Amendment No. 54 would require the retention of the affirmative resolution procedure for new and revised PACE codes. I understand that there was extensive discussion of the issue in Committee, and following that discussion, trying to take into account the views of the Home Affairs Committee, we have considered the procedural options for dealing with new and amended codes. We accept that the affirmative procedure is justified for new codes and for significant amendments. We have been trying, however, to devise a quicker route for handling minor and straightforward changes. We
have looked at the scope for involving the Home Affairs Committee in advising on whether specific changes warrant detailed parliamentary scrutiny, but substantial difficulties exist in terms of specifying a role for the Committee in the Bill.A more workable alternative might be to amend the legislation so that there is effectively a choice between affirmative resolution and merely laying any proposed changes before Parliament.

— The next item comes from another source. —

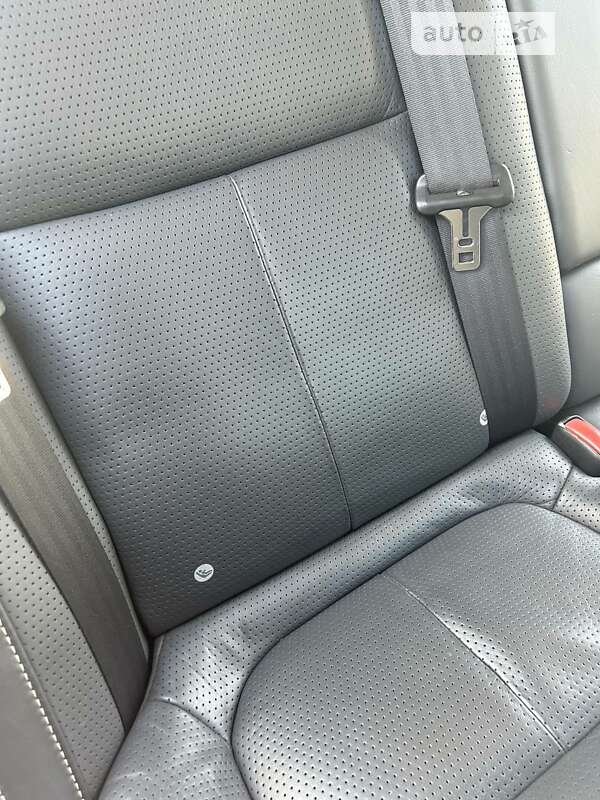 Универсал Volvo V70 2015 в Чернигове фото 29 Универсал Volvo V70 2015 в Чернигове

Ministers could then undertake in Parliament to seek to be bound by the Home Affairs Committee advice in each individual case. That might effectively ensure that the Committee had oversight of which procedure should be adopted, without referring to the Committee in the Bill, and might be a way of resolving the conflict between the need for flexibility and the need for proper scrutiny. It is therefore a difficult problem, which needs more consideration. We would be grateful to hear further views in the light of what I have just suggested, and against that background I would ask that the amendments be withdrawn, although we would be happy to return to the issue to deal with other Members' views in another place.
Amendment No. 55 would require the affirmative resolution procedure for analogous codes covering the work of military police forces. Currently, such codes are subject only to negative resolution. They tend to follow the PACE codes, and we think that there is a good case for exempting them from specific parliamentary procedure. I therefore ask the Opposition to withdraw the amendment.